Great advances have been achieved in speech recognition by using supervised models trained on huge amounts of labelled resources. However, for many languages, annotating speech is expensive and sometimes impossible, e.g., when dealing with endangered or unwritten languages. There is therefore growing interest in methods that can learn directly from raw speech, without access to transcriptions, pronunciation dictionaries, or language modelling text. There is also interest in learning from unlabelled speech paired with another modality (such as images). Both of these settings are important for developing speech systems in low-resource scenarios, and for potentially shedding light on language acquisition in humans.
In the first part of the talk, I will introduce our unsupervised segmental Bayesian model that segments and clusters unlabelled speech into word-like units. This system is trained directly on raw speech, without access to any transcriptions. In the second part of the talk, I will present our recent work which uses images paired with spoken captions to ground unlabelled speech. Without seeing any parallel speech and text, the resulting neural network model can be used as a keyword spotter, predicting which utterances in a speech collection contain a given textual keyword.
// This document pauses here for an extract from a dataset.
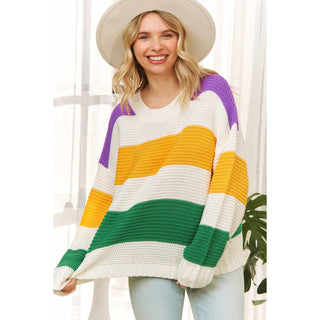 CLASSIC MARDI GRAS COLORFUL STRIPE RELAXED FIT PULLOVER TOP: Multi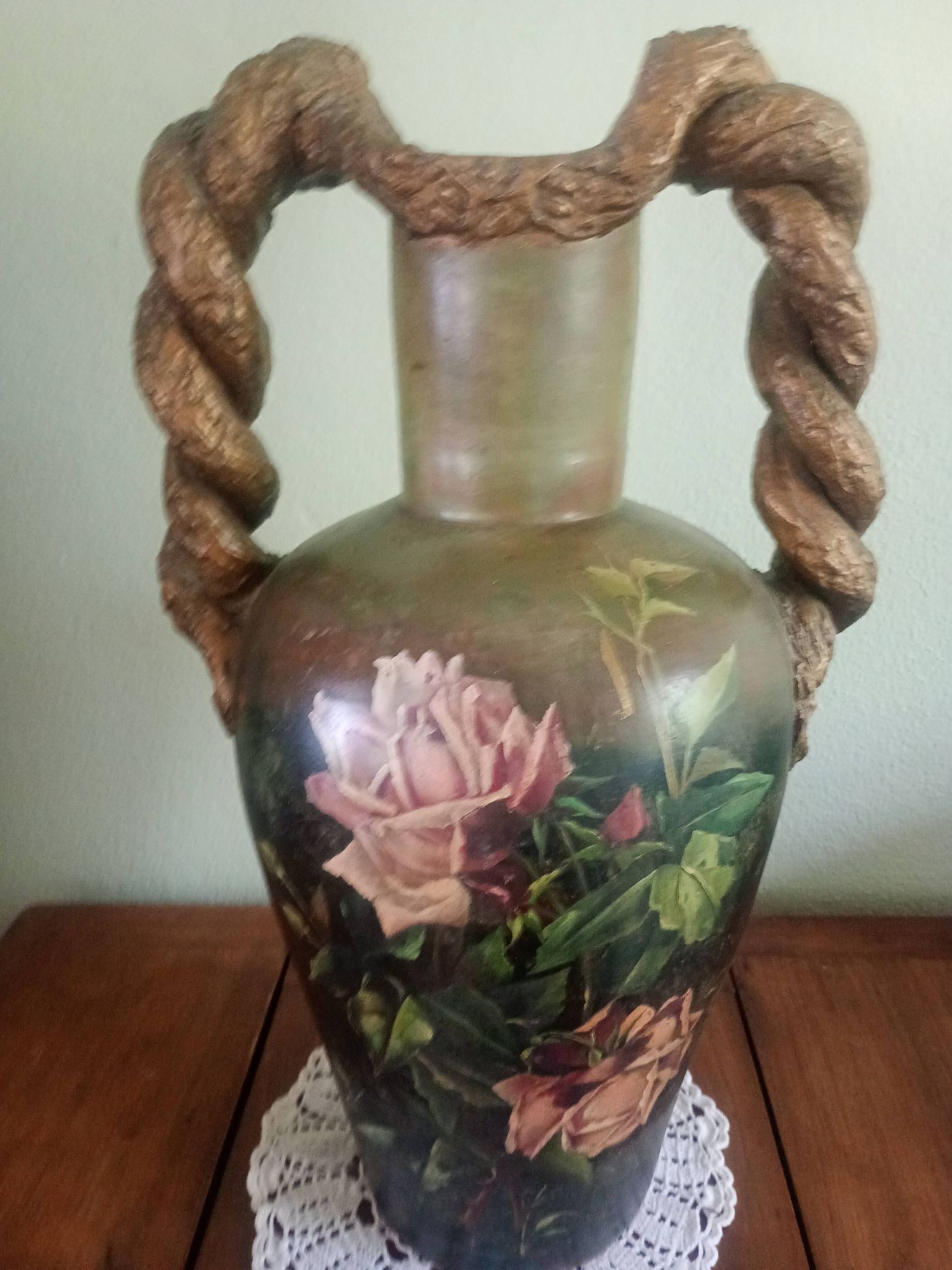 Double-handled vase with roses by Georges Weissenburger, École de Nancy.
Herman is currently a postdoc at TTI-Chicago, working with Karen Livescu and Greg Shakhnarovich. He completed his PhD at the University of Edinburgh, where he was supervised by Sharon Goldwater, Aren Jansen and Simon King. Before that, he was a research associate at Stellenbosch University, South Africa. His main interests are in unsupervised and low-resource machine learning methods, in particular applied to problems in speech, vision, and language processing.